Across the hall from Remy sits Palo, another up-charge restaurant aboard the Disney Dream, though this one costs just $20 per guest. It’s an Italian restaurant that’s present on Disney’s other cruise ships and features plenty of privacy and intimacy. Guests must dress up to dine here.
But you don’t have to get out of your pajamas to take a video tour of Palo:
And here are some Palo photos as well.
Snacks and Drinks
In addition to table service restaurants, the Disney Dream has a number of counter service windows serving up cheeseburgers, chicken strips, hot dogs, and all the usual quick food. It’s on par with what you’ll find at counter service meals at Disney’s theme parks. None of it is spectacular, but it gets the job done. And unlike in the parks, all of it is free to eat as much (or as little) of as you’d like on board.
In addition, plenty of lounges are available for drinks at night. Some are bars, others dance clubs, and others comfortable sitting areas, but all offer a chance to relax and chat up a few friends, new or old. My favorite is the one pictured above, Pink.
Check out our photos of the snacking and drinking locations throughout the Disney Dream.
Snacks and Lounges slideshow:
Cookie’s BBQ on Castaway Cay
Rounding out this food wrap-up of the Disney Dream is a restaurant found on shore at Castaway Cay. It’s called Cookie’s BBQ, though there’s also a Cookie’s Too elsewhere on the island with identical food. As you might expect, barbecue is what’s served, though I’d use that term loosely here. You’ll find hamburgers, chicken, ribs, and a selection of side items.
Here’s what I grabbed after a whole lot of swimming:
If I had to choose a favorite item on that dish, it would be the chicken, but none of it was particularly good. The cheesy onion focaccia was not bad either, though I was hungry enough to eat just about anything at that point. You won’t find an incredible meal at Castaway Cay, but just enough to keep your stomach satisfied while you soak up the sun.

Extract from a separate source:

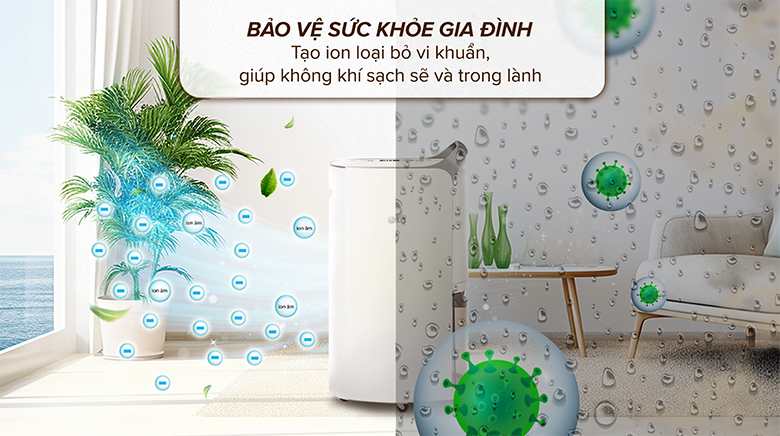 Máy hút ẩm LG 16L MD16GQSE0.ABAE - Bảng điều khiển cảm ứng tiện lợi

Dining aboard the Disney Dream is most certainly a hit-or-miss experience. The Animator’s Palate had my favorite food of the trip, but I kept wishing Crush would leave everyone alone so I could eat in peace. The Enchanted Garden had incredible decor but lacked the menu to back it up. The buffet options at Cabanas and even at Cookie’s BBQ on Castaway Cay were surprisingly mediocre, not up to Disney’s usual standards. I wish I had enough time to try all of the options throughout the ship, but I imagine the trend would continue throughout, pairing a lot of good with a little bad. Fortunately, the good was always exceptionally good, and the bad was never horrible, only a minor disappointment among plenty of enjoyment.